• RECORDED INFORMATION:

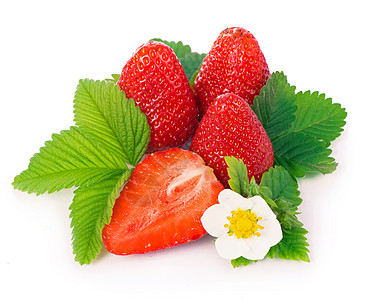 白色背景的草莓种子养分叶子浆果饮食果味水果团体图片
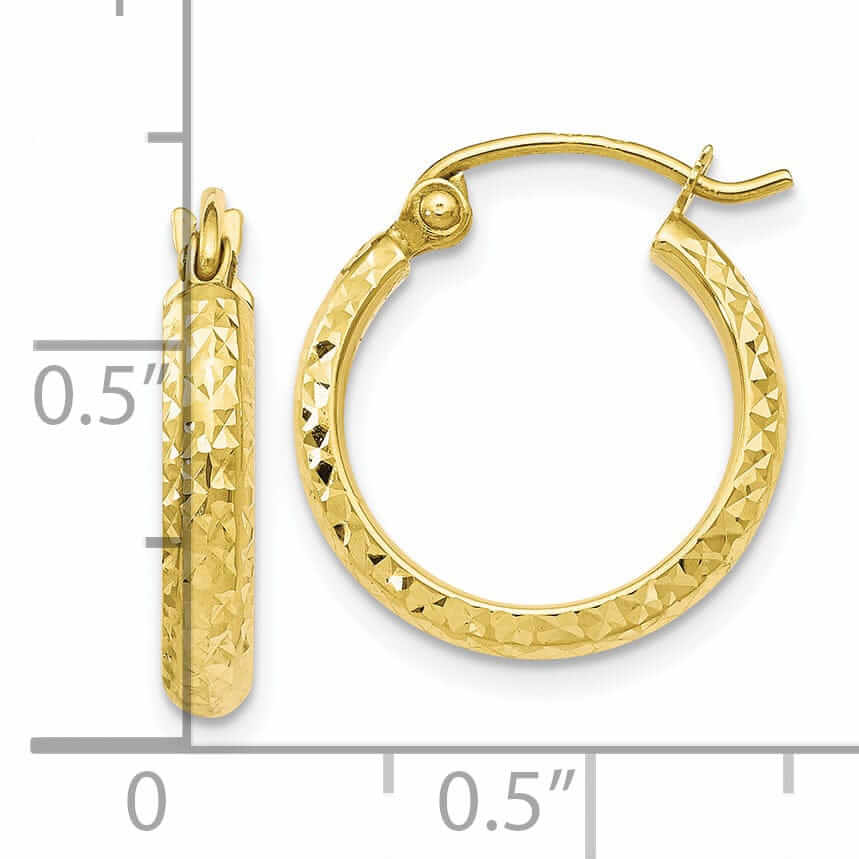 10kt Yellow Gold D.C Hinged Hoop Earrings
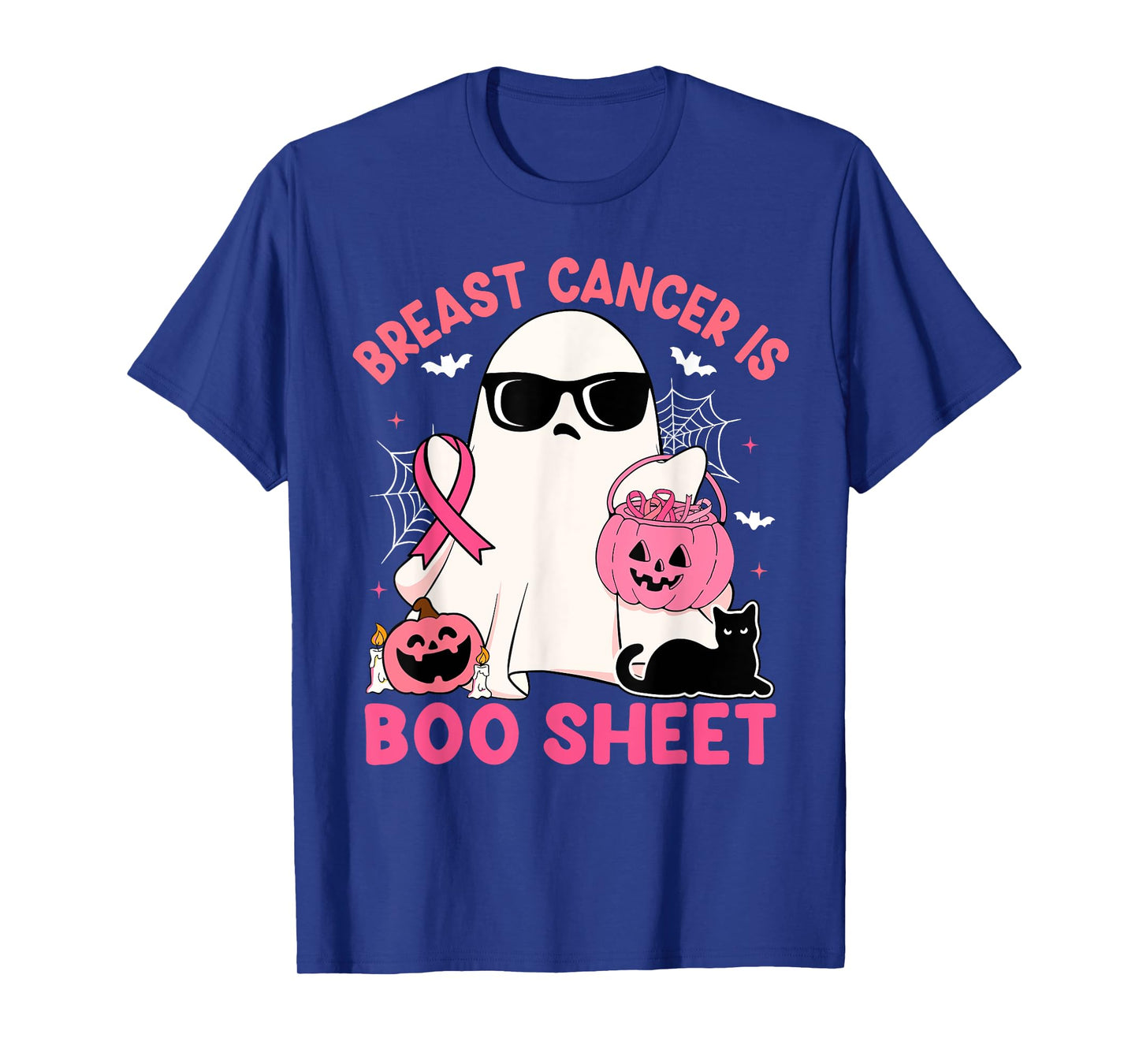Breast Cancer Is Boo Sheet Pink Ribbon Halloween Ghost Funny T-Shirt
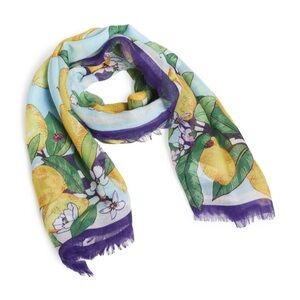 Vera Bradley Lemon Grove Pattern Scarf, Soft Fringe, NWT, Yellow, Green & Blues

• WHAT YOU ARE ASKED TO DO:
Apart from the images, print all the material above exactly as given.

• TASK SOLUTION:
 白色背景的草莓种子养分叶子浆果饮食果味水果团体图片
 10kt Yellow Gold D.C Hinged Hoop Earrings
Breast Cancer Is Boo Sheet Pink Ribbon Halloween Ghost Funny T-Shirt
 Vera Bradley Lemon Grove Pattern Scarf, Soft Fringe, NWT, Yellow, Green & Blues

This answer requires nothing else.